There’s so much that I want to accomplish this year. I’ve actually been throwing around a #NewYearNewMeDamnIt hashtag on social media, mostly to make me laugh when feeling helpless. But I’ll tell you, I’m feeling anything but helpless these days, which is a huge improvement from where my head was last year.
I think the reason I feel this way is because not only do I know what I need to do, but that I absolutely need to do. Eventually all this “doing” will lead to some kinda awesome “being”, even if it’s not the Pinterest-perfect dream board on which a fair part of my right brain resides.
Long story short: in order to “do” effectively, I have to get my shit together. More than passion planning, more than mantras, this is the only way going everything’s going to come up Linds.

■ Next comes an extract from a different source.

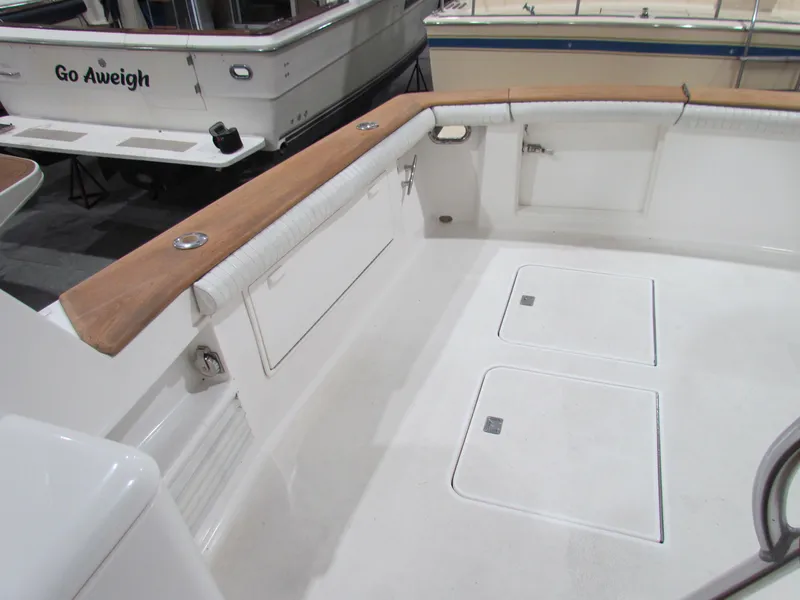 Slide: The Image of 2000 Ocean Yachts 48 Sun Sport boat deck with wood trim and storage compartments. - 32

This has meant making some costly repairs to two giant cracks in the foundation of my well-being, which I will talk about in future posts. In the interest of brevity I will note that in both areas, there’s no substitute to getting down into the dirt and digging up and clearing out the dead roots.
For the duration of this overhaul, I am doing my best to approach insecurities with an inquisitive mind, to listen, research, and learn, so that I can more effectively contribute passion and skill, even if I don’t feel that my efforts are nearly as important.
And in getting a hold on setting boundaries so my time suits my efforts, I’ve learned the importance of holding myself back whenever someone says “jump”, as it’s not in my best interest to do so blindly and with good faith.
Proficiency. Optimization. Activity. Results. Here we go.